* Exercise description
Copy each line of the listing below exactly and drop the images.

* Material supplied
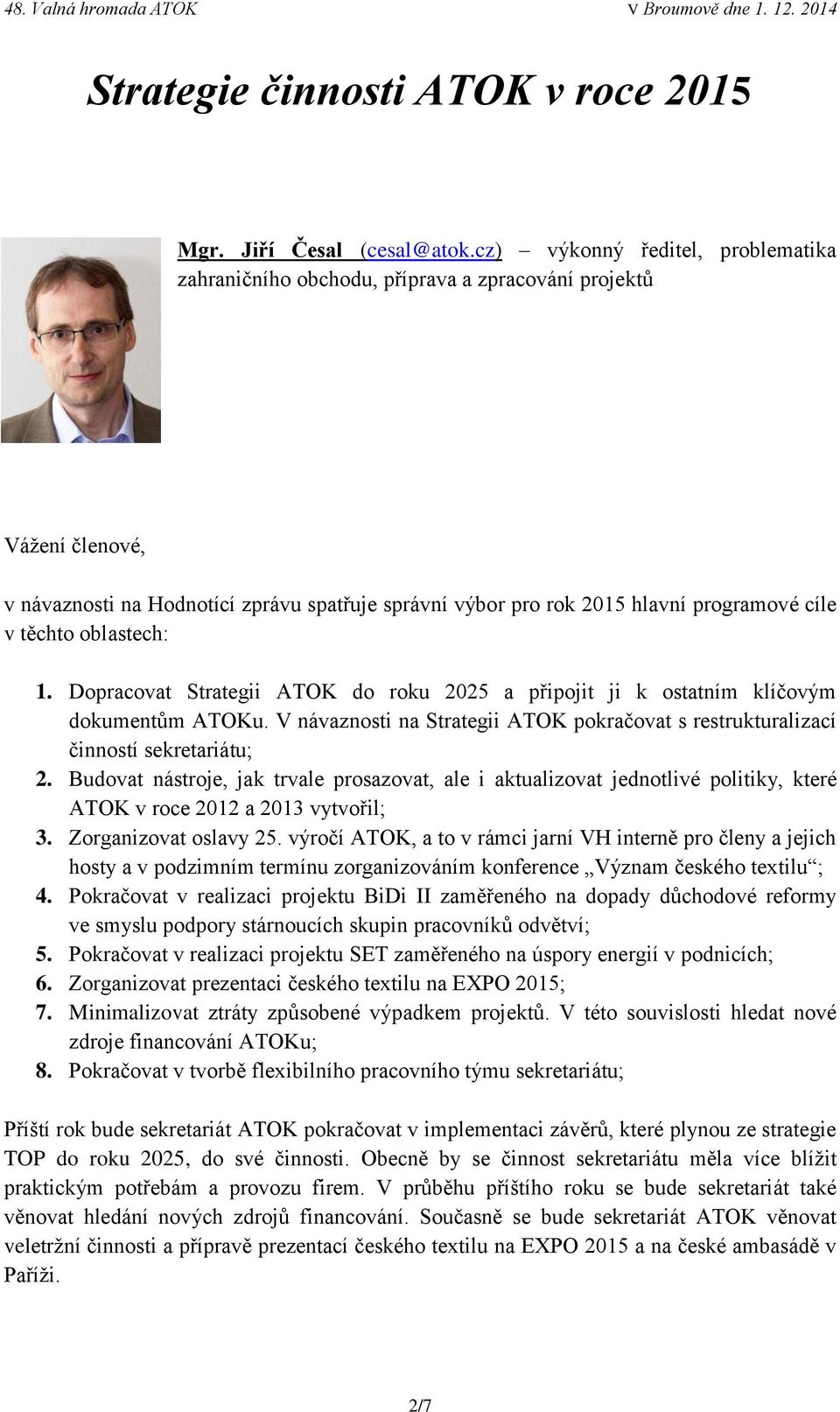 těchto oblastech: 1. Dopracovat Strategii ATOK do roku 2025 a připojit ji k ostatním klíčovým dokumentům ATOKu. V návaznosti na Strategii ATOK pokračovat s restrukturalizací činností sekretariátu; 2.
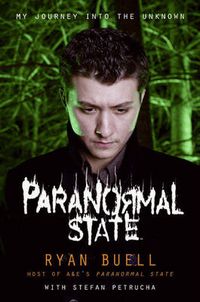 Cover image for Paranormal State: My Journey into the Unknown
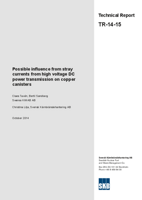 Possible influence from stray currents from high voltage DC power transmission on copper canisters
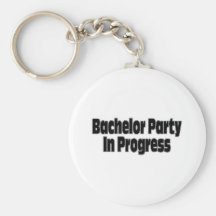 Bachelor Party In Progress (Blk) Key Chain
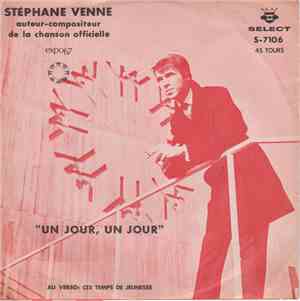 Stéphane Venne - Un Jour, Un Jour / Ces Temps De Jeunesse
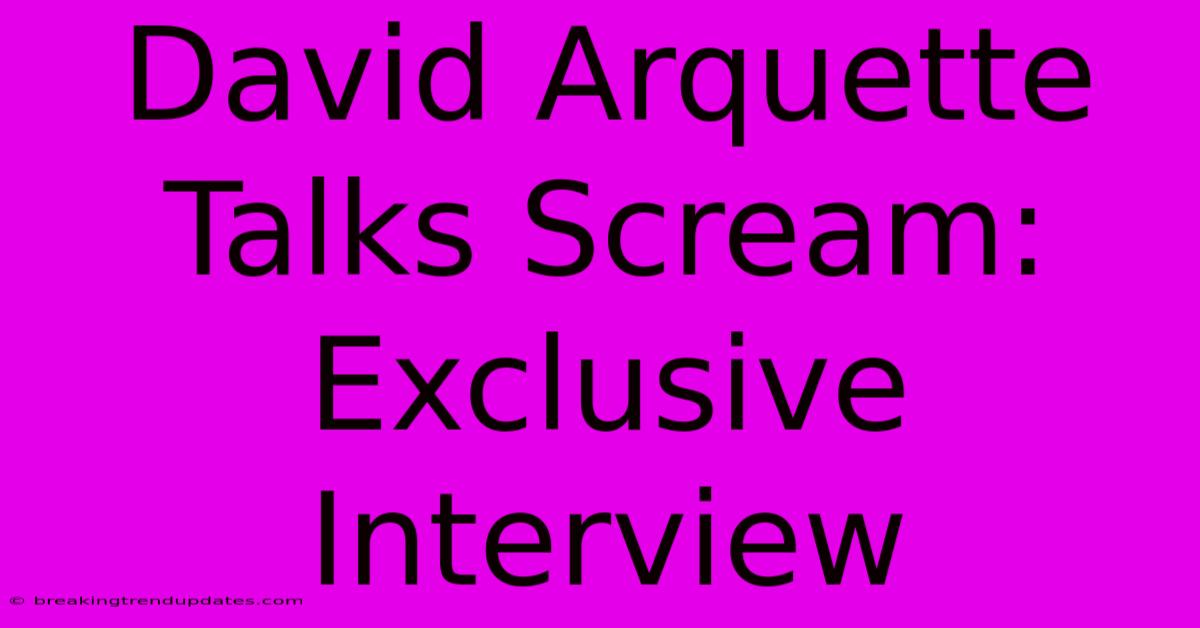 David Arquette Talks Scream: Exclusive Interview David Arquette Talks Scream: Exclusive Interview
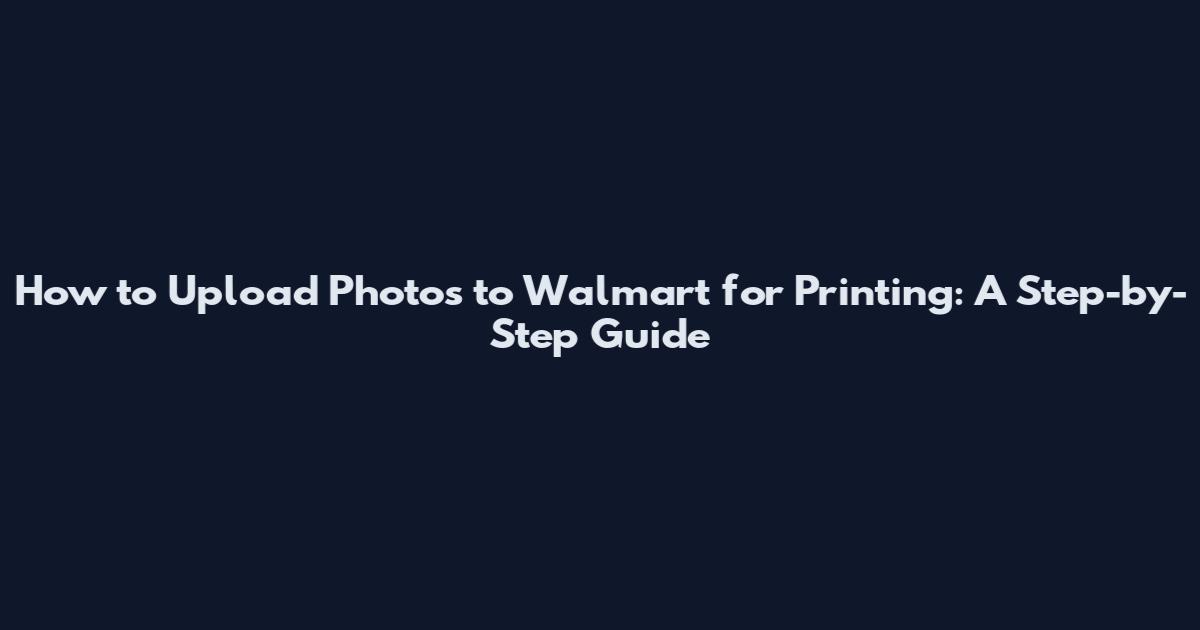 How to Upload Photos to Walmart for Printing: A Step-by-Step Guide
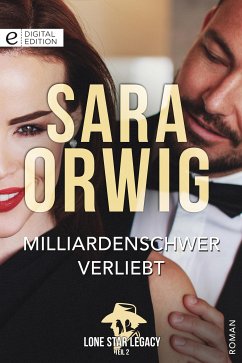 Milliardenschwer verliebt (eBook, ePUB) - Orwig, Sara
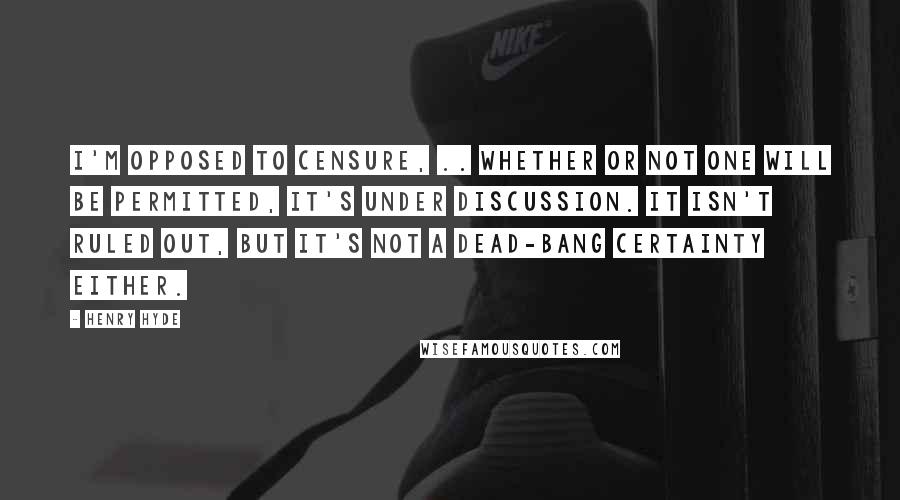 Henry Hyde Quotes: I'm opposed to censure, .. Whether or not one will be permitted, it's under discussion. It isn't ruled out, but it's not a dead-bang certainty either.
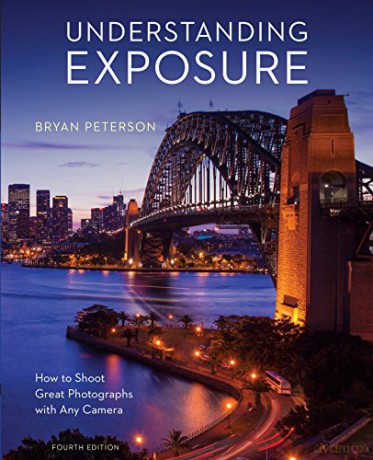 Understanding Exposure, Fourth Edition: How to Shoot Great Photographs with Any Camera - Bryan Peterson [KSIĄŻKA]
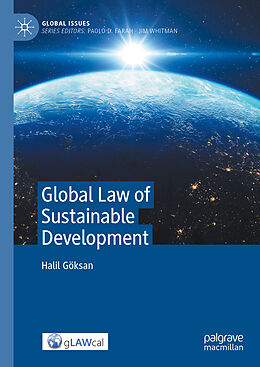 Livre Relié Global Law of Sustainable Development de Halil Göksan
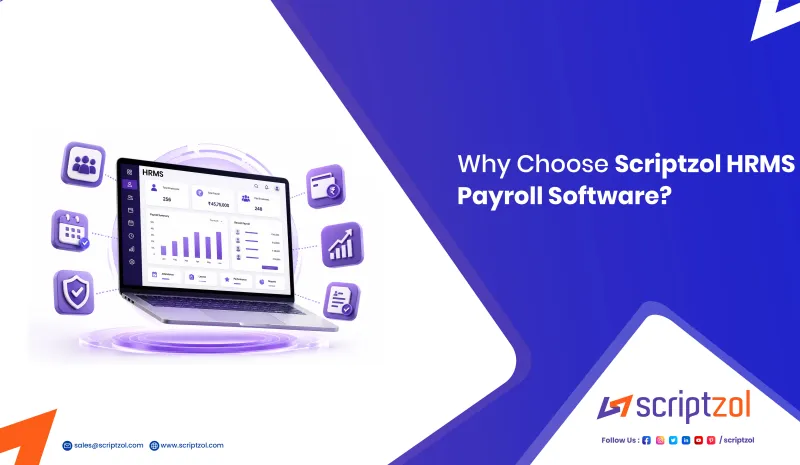 Why Choose Scriptzol HRMS Payroll Software
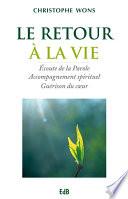 Le retour à la vie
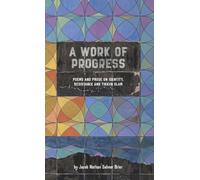 A Work of Progress: Poems and Prose on Identity, Resistance and Tikkun Olam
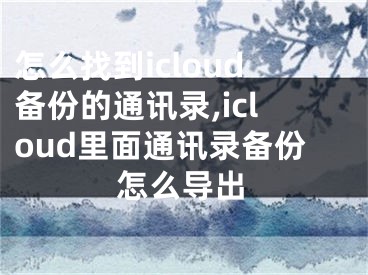 怎么找到icloud备份的通讯录,icloud里面通讯录备份怎么导出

* Result of this exercise
 těchto oblastech: 1. Dopracovat Strategii ATOK do roku 2025 a připojit ji k ostatním klíčovým dokumentům ATOKu. V návaznosti na Strategii ATOK pokračovat s restrukturalizací činností sekretariátu; 2.
 Cover image for Paranormal State: My Journey into the Unknown
 Possible influence from stray currents from high voltage DC power transmission on copper canisters
 Bachelor Party In Progress (Blk) Key Chain
 Stéphane Venne - Un Jour, Un Jour / Ces Temps De Jeunesse
 David Arquette Talks Scream: Exclusive Interview David Arquette Talks Scream: Exclusive Interview
 How to Upload Photos to Walmart for Printing: A Step-by-Step Guide
 Milliardenschwer verliebt (eBook, ePUB) - Orwig, Sara
 Henry Hyde Quotes: I'm opposed to censure, .. Whether or not one will be permitted, it's under discussion. It isn't ruled out, but it's not a dead-bang certainty either.
 Understanding Exposure, Fourth Edition: How to Shoot Great Photographs with Any Camera - Bryan Peterson [KSIĄŻKA]
 Livre Relié Global Law of Sustainable Development de Halil Göksan
 Why Choose Scriptzol HRMS Payroll Software
 Le retour à la vie
 A Work of Progress: Poems and Prose on Identity, Resistance and Tikkun Olam
 怎么找到icloud备份的通讯录,icloud里面通讯录备份怎么导出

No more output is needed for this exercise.